• **What is being asked**: Please reproduce the entries below exactly as they stand, but leave the pictures out.

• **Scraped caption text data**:
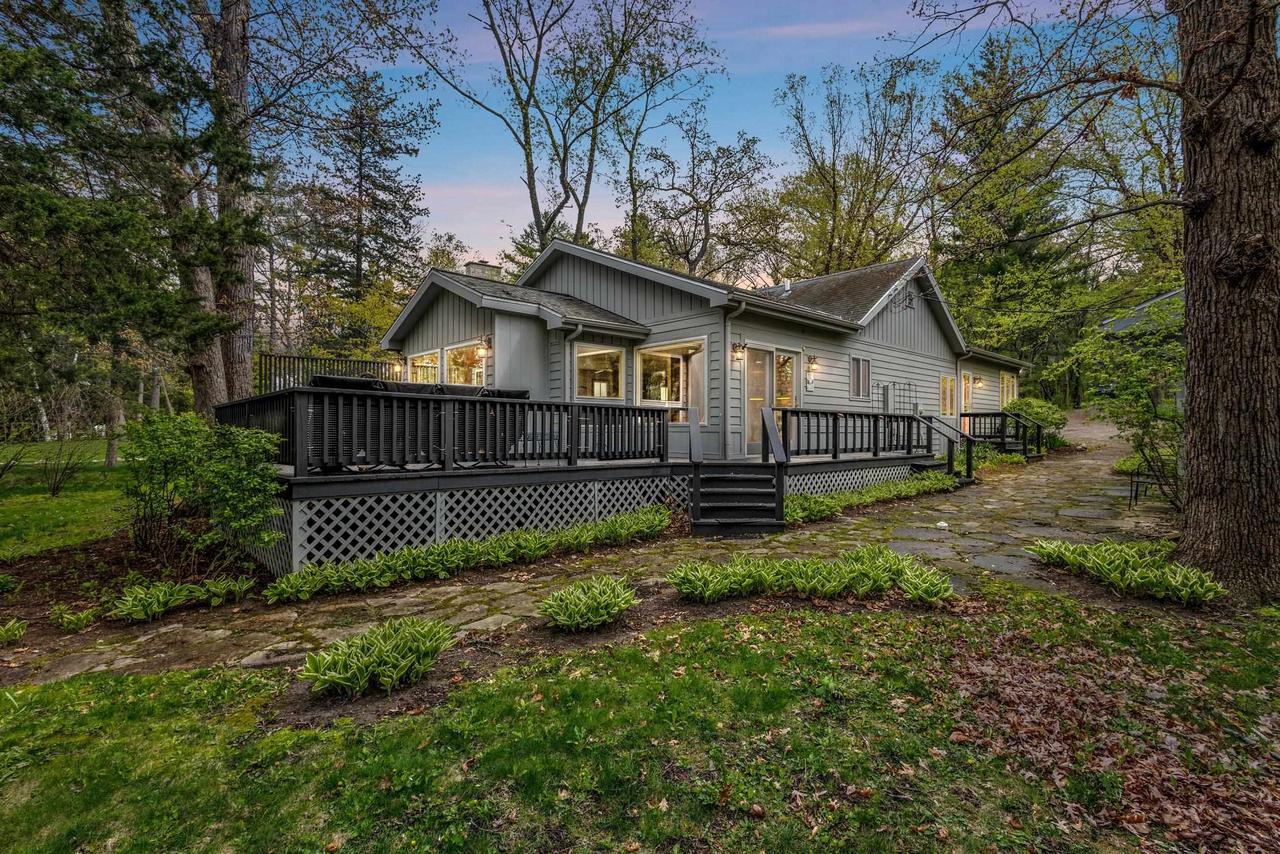 W1834 Sandstone Avenue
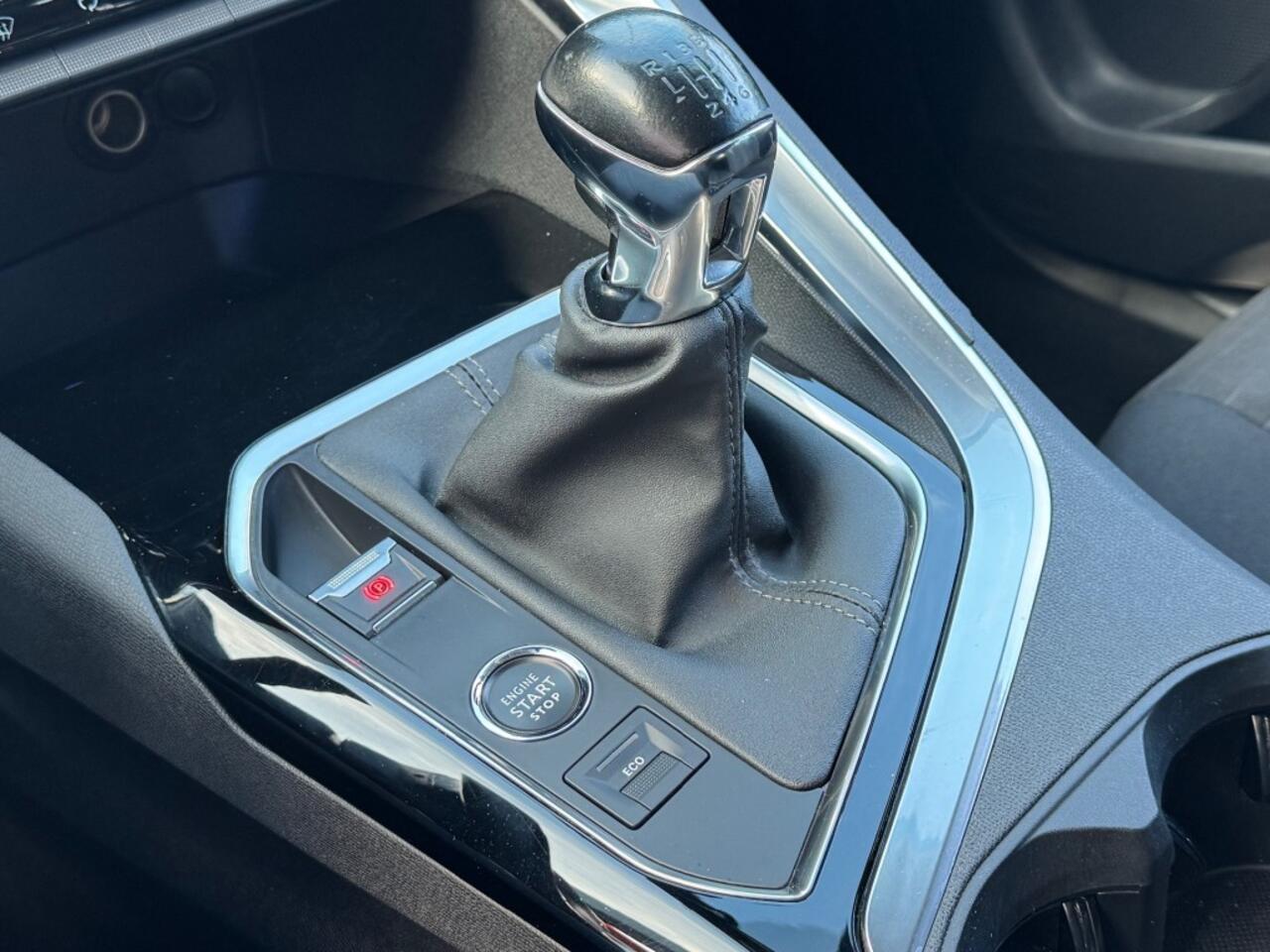 Peugeot 3008 1.2 PURETECH FACELIFT 130PK LED NAVI CAMERA CARPLAY AIRCO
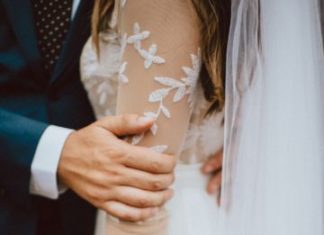 Trendy Wedding Dresses : Fun & Stylish Wedding by Pat Robinson Photography…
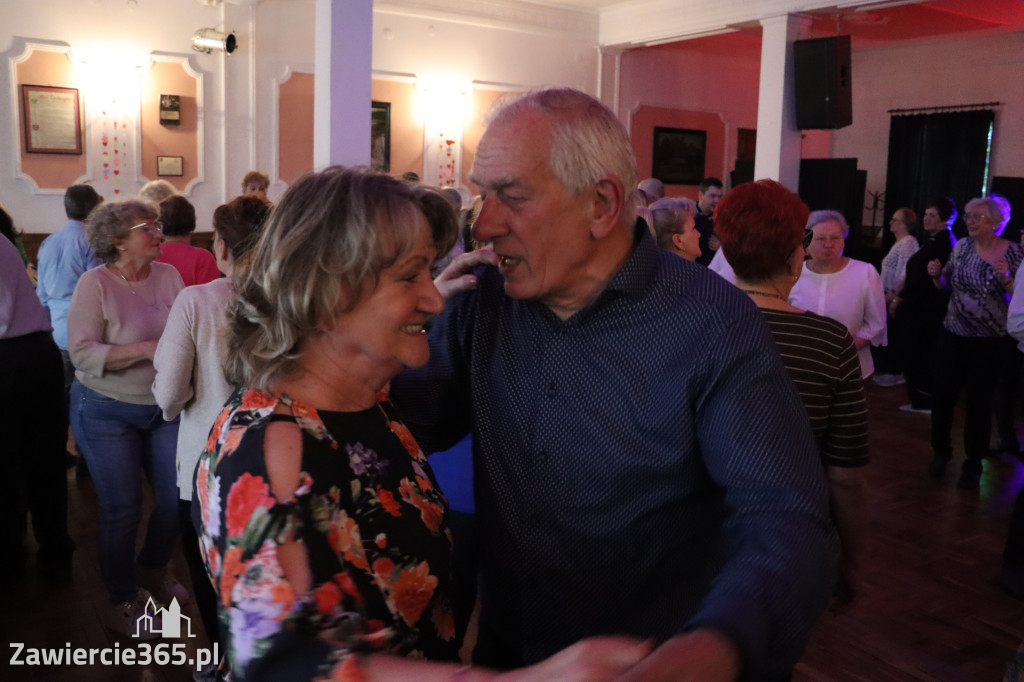 Fotorelacja: Wiosenna Potańcówka z DJ-em w Pałacyku nad Wartą w Zawierciu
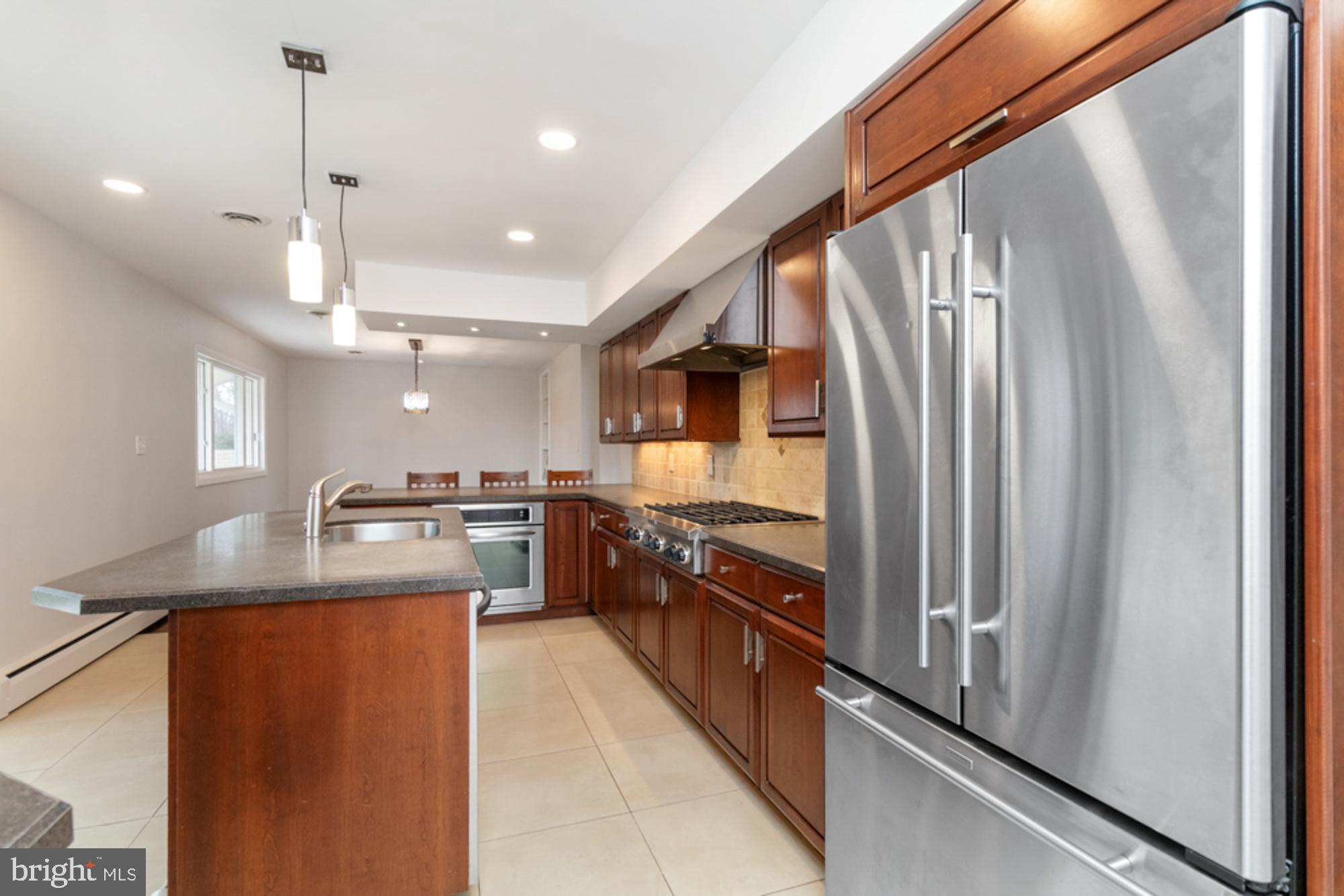 SUMMER HILL - Residential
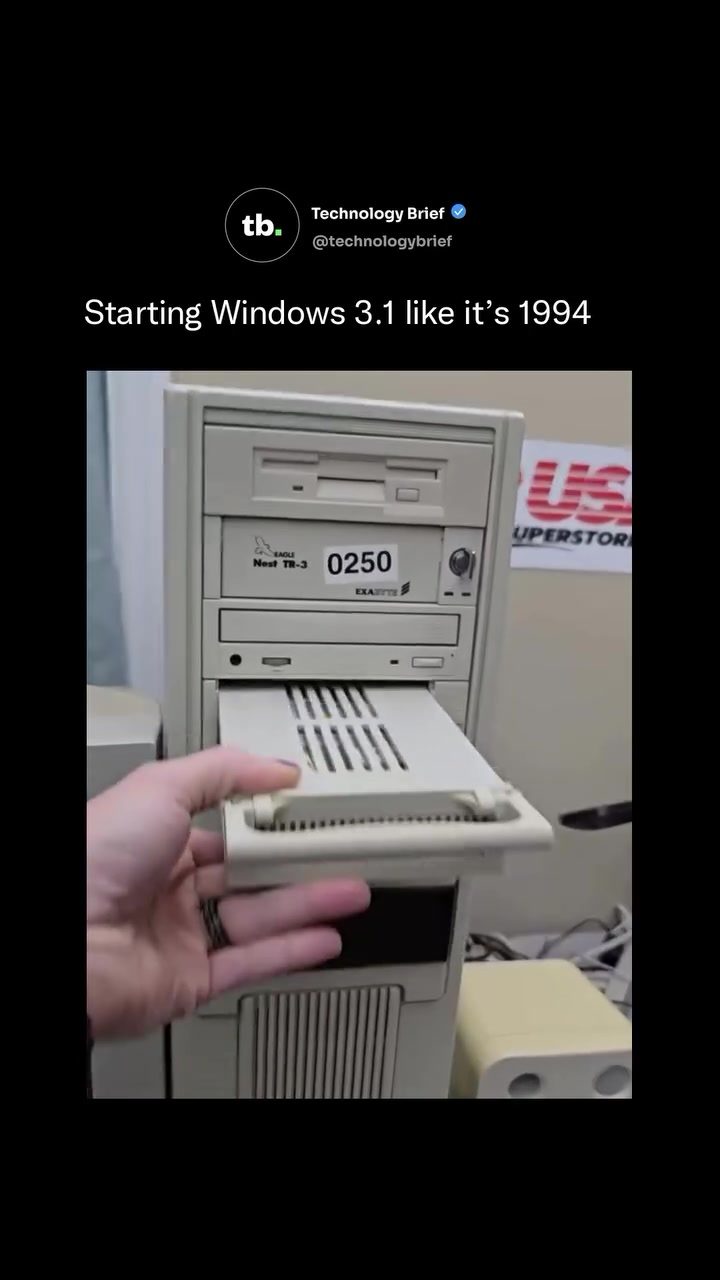 Windows 3.1 Startup on a 1990s NEC PC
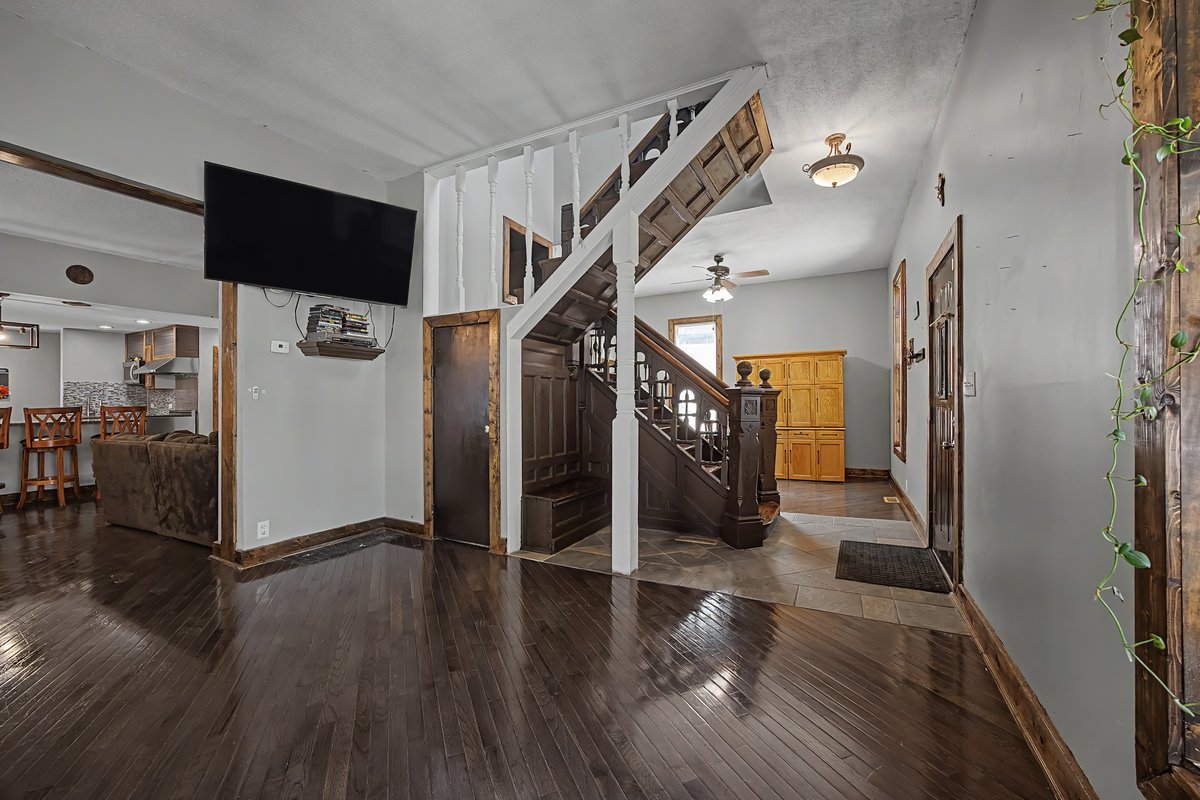111 7th Street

• **Output below**:
 W1834 Sandstone Avenue
 Peugeot 3008 1.2 PURETECH FACELIFT 130PK LED NAVI CAMERA CARPLAY AIRCO
 Trendy Wedding Dresses : Fun & Stylish Wedding by Pat Robinson Photography…
 Fotorelacja: Wiosenna Potańcówka z DJ-em w Pałacyku nad Wartą w Zawierciu
 SUMMER HILL - Residential
 Windows 3.1 Startup on a 1990s NEC PC
111 7th Street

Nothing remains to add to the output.